BFH: Stromsteuer bei Transformations- und Umspannanlagen

Auf Strom, der zur Stromerzeugung verbraucht wird, muss nach § 9 Abs. 1 Nr. 2 StromStG keine Stromsteuer gezahlt werden. So weit, so gut. Doch wann liegt noch ein Stromverbrauch zur Stromerzeugung vor? Gerade im Zusammenhang mit der Stromerzeugung aus Erneuerbaren Energien beschäftigt diese Frage seit vielen Jahren die Gerichte.
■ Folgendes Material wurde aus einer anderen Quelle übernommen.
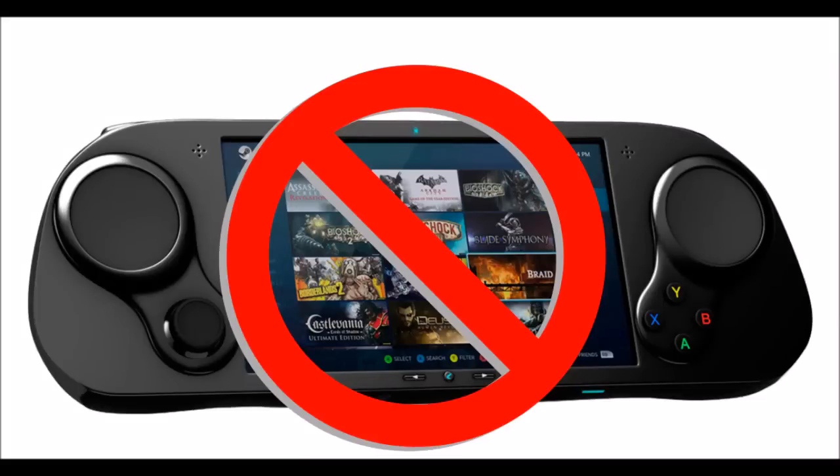How many gamers out there were hoping to play PC games on the go through the Smok Zero, which has essentially gone off the radar at this point? I know I was. It looks really interesting and I hope they do come back onto the radar soon.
So hatte der Bundesfinanzhof (BFH) bereits im Jahr 2011 entschieden, dass der Stromverbrauch in dem einem BHKW vorgeschalteten Fermenter stromsteuerpflichtig ist (siehe hier). Lange umstritten war auch, wie der Stromverbrauch von Wechselrichtern bei Solaranlagen zu behandeln ist. Diesen sah das höchste deutsche Finanzgericht in einem Urteil aus dem Jahr 2015 (siehe hier) als steuerfrei an. Wechselrichter seien für die Stromerzeugung notwendige Hilfs- und Nebenanlagen und als solche steuerlich privilegiert. In einem am 22.08.2019 veröffentlichten Urteil vom 30.04.2019 (siehe hier) hat der BFH nun einen Schlussstrich unter eine weitere Streitfrage gezogen und geurteilt: Für Strom, der in Transformations- und Umspanneinrichtungen einer Photovoltaikanlage verbraucht wird, ist die Stromsteuer zu entrichten.

Die Vorgeschichte

Geklagt hatte der Betreiber einer Photovoltaikanlage, die Strom zur Einspeisung in das 110-kV-Netz erzeugt. Hierfür musste die in den Modulen erzeugte DC-Spannung zunächst mittels Wechselrichtern in Wechselspannung umgewandelt und anschließend in mehreren Schritten durch Transformatoren auf 110 kV angehoben werden. Für den Stromverbrauch u.a. in den Umspannanlagen und Transformatoren beantragte der Betreiber eine Steuerentlastung für Strom zur Stromerzeugung. Dies lehnte das zuständige Hauptzollamt ab. Der Stromerzeugungsvorgang im technischen Sinn, der allein steuerprivilegiert ist, sei mit der Entstehung des Stroms in den PV-Modulen bereits abgeschlossen.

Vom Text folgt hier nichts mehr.